The two articles accuse Mayorkas of "willful and systemic refusal to comply with the law" for failing to manage the situation at the U.S.-Mexico border and "breach of public trust."

Chairman Mark Green, R-Tenn., said the committee had "exhausted all other options to hold Secretary Mayorkas accountable" and that "Congress must exercise its constitutional duty and impeach him."

Democrats on the committee and DHS are calling the articles a "sham."

Ranking member Rep. Bennie Thompson, D-Miss., accused Republicans of abusing their impeachment power to "score political points."

"Republicans don't actually want to work towards bipartisan solutions to fix the border – in fact, they have repeatedly sabotaged the Secretary's efforts to secure the border and denied DHS' funding requests," Thompson said in a statement. "Secretary Mayorkas is upholding the law and honoring the public trust as he has throughout his more than 30 years of service to our Nation."

DHS responded Sunday with a memo that called Republicans' effort "a distraction from other vital national security priorities and the work Congress should be doing to actually fix our broken immigration laws."

"They don't want to fix the problem; they want to campaign on it. That's why they have undermined efforts to achieve bipartisan solutions and ignored the facts, legal scholars and experts, and even the Constitution itself in their quest to baselessly impeach Secretary Mayorkas," the memo read.

The committee plans to meet on Tuesday at 10 a.m. to mark up the articles and then could vote sometime time after that. If the articles pass the committee, they then go to the full House for an impeachment vote. It would then be up to the Democratic-led Senate on whether to convict.

Congressional Republicans have blamed Mayorkas for the arrival of a record number of migrants arriving at the southern border last year — roughly 2.5 million, according to data from U.S. Customs and Border Protection.

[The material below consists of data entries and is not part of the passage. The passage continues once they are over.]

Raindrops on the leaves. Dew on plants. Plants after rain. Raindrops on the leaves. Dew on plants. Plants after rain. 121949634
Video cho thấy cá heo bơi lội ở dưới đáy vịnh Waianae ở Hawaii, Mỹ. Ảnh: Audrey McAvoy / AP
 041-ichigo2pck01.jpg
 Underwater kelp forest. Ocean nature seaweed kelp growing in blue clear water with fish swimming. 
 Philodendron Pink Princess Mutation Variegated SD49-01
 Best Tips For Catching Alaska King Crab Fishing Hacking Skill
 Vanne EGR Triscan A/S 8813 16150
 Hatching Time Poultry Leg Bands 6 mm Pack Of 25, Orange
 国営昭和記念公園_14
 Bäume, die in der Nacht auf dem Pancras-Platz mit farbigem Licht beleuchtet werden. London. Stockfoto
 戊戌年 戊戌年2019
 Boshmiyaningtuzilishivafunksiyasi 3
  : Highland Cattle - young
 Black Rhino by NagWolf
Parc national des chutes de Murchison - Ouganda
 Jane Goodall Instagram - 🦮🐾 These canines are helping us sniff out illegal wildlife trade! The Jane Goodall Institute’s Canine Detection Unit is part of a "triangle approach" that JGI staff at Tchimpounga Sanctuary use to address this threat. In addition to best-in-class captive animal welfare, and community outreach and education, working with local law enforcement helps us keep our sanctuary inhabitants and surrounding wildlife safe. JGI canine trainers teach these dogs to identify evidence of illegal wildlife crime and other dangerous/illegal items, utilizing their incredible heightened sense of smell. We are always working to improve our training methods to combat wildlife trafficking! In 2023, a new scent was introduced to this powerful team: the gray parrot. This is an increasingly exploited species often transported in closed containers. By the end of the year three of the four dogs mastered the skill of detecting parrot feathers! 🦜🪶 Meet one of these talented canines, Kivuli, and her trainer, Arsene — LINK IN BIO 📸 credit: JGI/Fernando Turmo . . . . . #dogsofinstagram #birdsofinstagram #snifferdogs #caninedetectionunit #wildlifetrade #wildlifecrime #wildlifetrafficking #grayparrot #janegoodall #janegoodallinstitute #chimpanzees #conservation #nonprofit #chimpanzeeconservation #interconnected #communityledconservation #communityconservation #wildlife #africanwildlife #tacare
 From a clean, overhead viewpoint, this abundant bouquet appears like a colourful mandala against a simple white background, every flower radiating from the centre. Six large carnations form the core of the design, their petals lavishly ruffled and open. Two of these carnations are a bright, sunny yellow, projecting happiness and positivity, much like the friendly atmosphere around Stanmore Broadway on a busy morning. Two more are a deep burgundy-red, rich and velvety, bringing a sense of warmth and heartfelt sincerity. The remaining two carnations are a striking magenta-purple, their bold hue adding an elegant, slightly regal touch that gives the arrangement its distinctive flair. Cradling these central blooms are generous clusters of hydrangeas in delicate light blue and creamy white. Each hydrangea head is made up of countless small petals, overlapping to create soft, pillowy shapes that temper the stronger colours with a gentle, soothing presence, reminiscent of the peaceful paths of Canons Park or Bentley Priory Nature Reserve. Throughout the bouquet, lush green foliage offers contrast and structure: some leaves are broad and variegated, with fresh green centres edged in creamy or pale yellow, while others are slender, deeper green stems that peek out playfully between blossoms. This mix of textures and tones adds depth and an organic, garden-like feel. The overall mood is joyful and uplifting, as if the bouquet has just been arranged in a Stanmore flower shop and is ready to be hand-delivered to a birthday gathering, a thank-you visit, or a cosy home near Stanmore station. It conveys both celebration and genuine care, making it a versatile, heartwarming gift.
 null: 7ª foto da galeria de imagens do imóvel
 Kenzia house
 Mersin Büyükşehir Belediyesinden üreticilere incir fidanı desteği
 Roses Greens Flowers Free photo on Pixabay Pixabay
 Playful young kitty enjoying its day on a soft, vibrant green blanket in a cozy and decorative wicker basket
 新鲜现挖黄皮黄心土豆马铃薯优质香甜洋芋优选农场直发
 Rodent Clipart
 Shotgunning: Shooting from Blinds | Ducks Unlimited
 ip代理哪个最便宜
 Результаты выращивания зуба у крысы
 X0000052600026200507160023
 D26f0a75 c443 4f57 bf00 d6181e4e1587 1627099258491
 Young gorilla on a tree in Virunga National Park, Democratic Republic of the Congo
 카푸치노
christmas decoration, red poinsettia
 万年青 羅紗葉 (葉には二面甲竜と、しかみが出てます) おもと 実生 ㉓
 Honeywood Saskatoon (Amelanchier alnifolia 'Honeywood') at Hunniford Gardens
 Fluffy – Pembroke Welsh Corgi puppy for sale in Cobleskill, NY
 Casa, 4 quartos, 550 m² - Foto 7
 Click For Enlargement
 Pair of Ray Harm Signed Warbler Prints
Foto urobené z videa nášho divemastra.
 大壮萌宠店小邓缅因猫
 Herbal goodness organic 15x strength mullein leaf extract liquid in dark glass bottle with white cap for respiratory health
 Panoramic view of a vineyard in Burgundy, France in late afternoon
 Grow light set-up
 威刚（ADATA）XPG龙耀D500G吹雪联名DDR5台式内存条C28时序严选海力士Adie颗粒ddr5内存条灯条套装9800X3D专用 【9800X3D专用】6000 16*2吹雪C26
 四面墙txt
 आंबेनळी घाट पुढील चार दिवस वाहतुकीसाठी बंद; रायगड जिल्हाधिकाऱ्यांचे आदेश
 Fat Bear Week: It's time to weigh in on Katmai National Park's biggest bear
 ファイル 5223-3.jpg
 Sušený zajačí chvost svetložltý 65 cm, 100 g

The Biden administration has attributed the immigration surge to an uptick in violent crises around the world that have displaced many people.

Still, the complaints from congressional Republicans have been echoed by some conservative state leaders, who have bused and flown groups of migrants to cities such as New York, Chicago and Washington, D.C.

Leaders of cities who have received buses of migrants have called the efforts politically motivated. Los Angeles Mayor Karen Bass told NPR last year that the effort was a "political stunt that was despicable."

For his part, Mayorkas and others in the DHS say it's the job of Congress to overhaul federal immigration laws and fix the country's broken immigration system.

A bipartisan group of lawmakers is currently at work on a new immigration deal, but former President Donald Trump — who is also running for the Republican presidential nomination this year — opposes the agreement, which has threatened to upend its chances of success.

The only Cabinet official in U.S. history ever to be impeached was William Belknap, the secretary of war under President Ulysses Grant. Belknap's 1876 impeachment was related to bribery allegations and occurred after he had already resigned.